Сын кинулся передо мной на колени.

— Папа… Папа…

Я отвернулся и ушёл.

Мне надо было проходить через комнату моей старухи.

— Что вышло? — обеспокоилась она.

— Пойди к твоему сыну! — крикнул я ей.

Она пожала плечами:

— Не говори глупостей!

Но неужели сын прав?

И то, что мы называем «неблагодарностью детей», есть только непреложный закон жизни?

В Татьянин день

Ах, Господи Боже мой! Ты мне уголовный фрак подаёшь! Дай тот, который по гражданским делам… постарее. Ну, вот! Слава Тебе Господи… До свидания, цыплёночек! Обедать? Нет, обедать буду в Эрмитаже. Да разве же ты забыла? Татьянин день сегодня… Да мне бы и самому, признаться, не хотелось, да неловко… традиция, знаешь… Нет, нет, нет! Духов не надо. Праздник демократический! Молодёжь, понимаешь, горячая… Ну, и выпившая. Слово им скажу Может, качать будут. Услышат, что от меня духами, — могут бросить… Да нет, душечка, не беспокойся. Теперь какая «Татьяна»? Теперь, строго говоря, и никакой Татьяны-то нет. Так! Традиция!.. Ах, прежде? Это действительно! На пальму лазал, это — верно. И в бассейне купался! Всё помнишь?.. Нет, теперь! нет! Теперь не то!.. Да ей Богу же, ни в одном глазу!.. Рано! Рано!.. Ну, какие там певицы!

— Онисим, в Эрмитаж. Да не в театр, дура. В ресторан… Можешь ехать домой. Меня не дожидайся.
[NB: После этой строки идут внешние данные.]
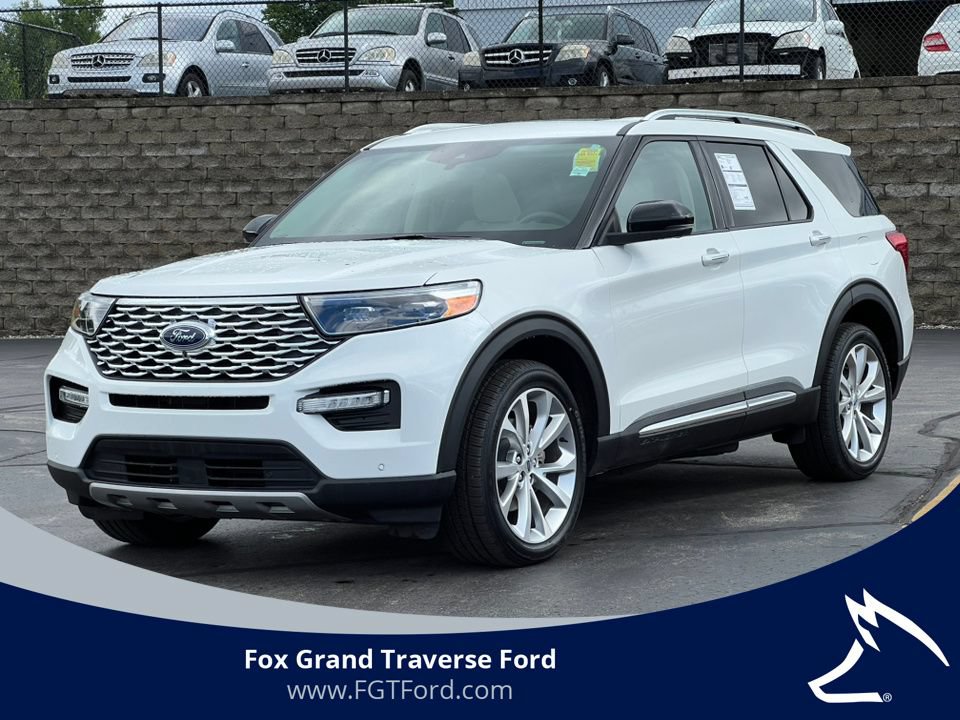 Certified 2023 Ford Explorer Platinum w/ Equipment Group 601A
— Здравствуй, Герасим!.. И тебе также!.. Тьфу, то бишь, спасибо, спасибо, голубчик. А много празднующих-то? Ого! И Иван Иванович уж здесь? И Пётр Петрович? А Семён Семеныч? И Семён Семеныч?! Чёрт, вечно опоздаю. Отдельно положи! Отдельно! Смотри, не перепутай! Соболья. То-то!

— Иван Иванычу! А, Семён Семеныч! С праздником, коллега! С Татьяной-с, Пётр Петрович, с Татьяной-с. Да, как вам сказать?! Года два ещё, пожалуй, протянется! Конкурсное дело оно… Кто это, Козьма Прутков, кажется, ещё сказал: «две вещи трудно окончить, раз начав делать: вкушать приятную пищу и чесать, когда чешется». А конкурсное дело, оно всегда чешется. Хе-хе! Шутник, Никифор Фёдорович. За ваше-с!
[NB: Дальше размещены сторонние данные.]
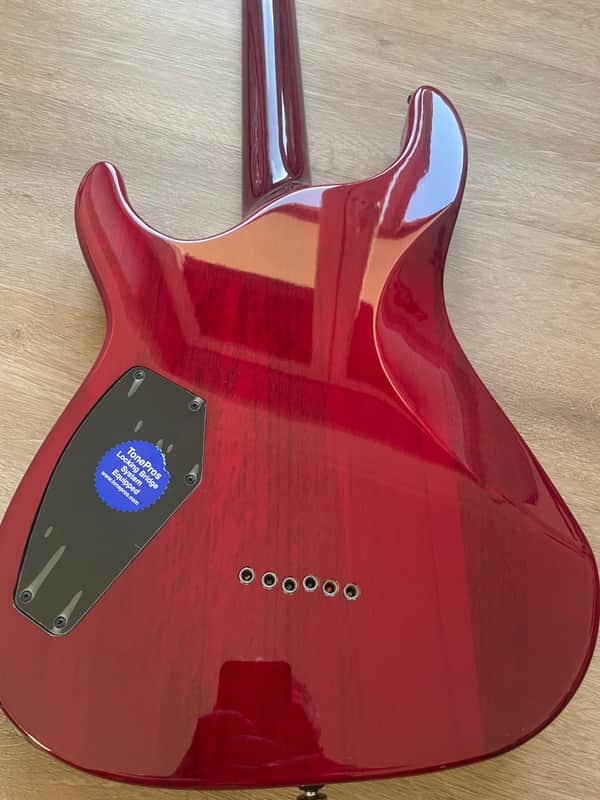 Schecter Diamond Series Red Exotic Star | Reverb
— Мне бы, собственно, не следовало. У меня, знаете ли, Остроумов нашёл… За ваше-с!.. Я Виши пью.

— Сеня! Голубчик! Лет-то, зим-то сколько! Постарел-то как! Ай-ай-ай! Да неужели учительствуешь? Ах, бедняга, бедняга! А юриспруденцию по боку? Не повезло? Географию преподаёшь? А! Жизнь-то как! Как разметала? А? С удовольствием, брат, выпью! Со старым-то закадыкой?! Вот рекомендую, брат, салат Оливье. Это из дичи. Да ты это не отбрасывай! Это, брат, трюфель! Да ты съешь, съешь. Хорошо? То-то и оно-то! Чеаэк! Рейнской у вас лососины нет? Ах, география, география! Вот рекомендую! Каждый, братец ты мой, слой своим жирком переложен. Так сказать, не рыба, а бутерброды, самой природой приготовленные! Рекомендую. Поесть? Поесть люблю. А прежде? Челыши помнишь? А Петька? Кирсанов Петька! Весёлый был малый, горячая голова! Где теперь Петька?! Ах, жизнь, жизнь, всех пораскидала! Выпьем за молодость, за Петьку! Да неужто он? Этот? Лысый? Петь… Петя! Господи! Господи!
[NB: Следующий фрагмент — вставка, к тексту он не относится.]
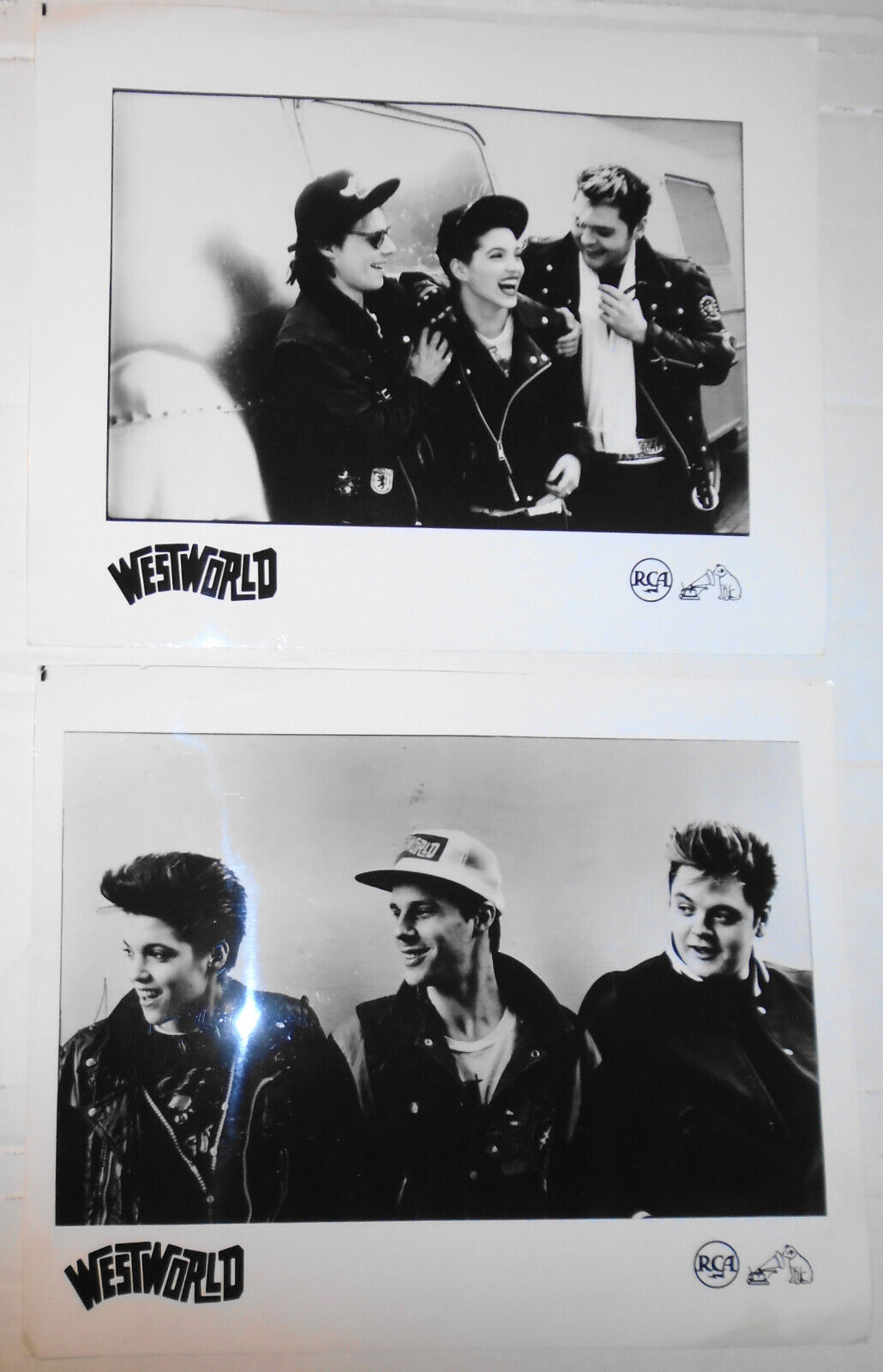 Westworld - 2 Press Photos, 1988 -- British rock band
Ах, вы в газетах пишите? Ну, и как это… то есть, я хотел сказать… в смысле заработка… ничего?.. Pardon[49], мне вот с председателем надо…

Как изволите видеть… Покорнейше благодарю, и жена! Ваше превосходительство, выпьем!.. Татьянин день!.. Ну, что такое рябиновая? Ваше превосходительство, казённой? Все мы казённые, и водка казённая! In vino veritas[50]! И правда казённая! А это, ваше превосходительство, Сеня. Закадыка мой, ваше превосходительство! Сеня! Географию учит! А? Ваше превосходительство? Россия-то? Силы на что тратятся? А? Силы, — и географии учат! Ваше превосходительство, ещё рюмочку! Одну! За силы, за гибнущие силы! А?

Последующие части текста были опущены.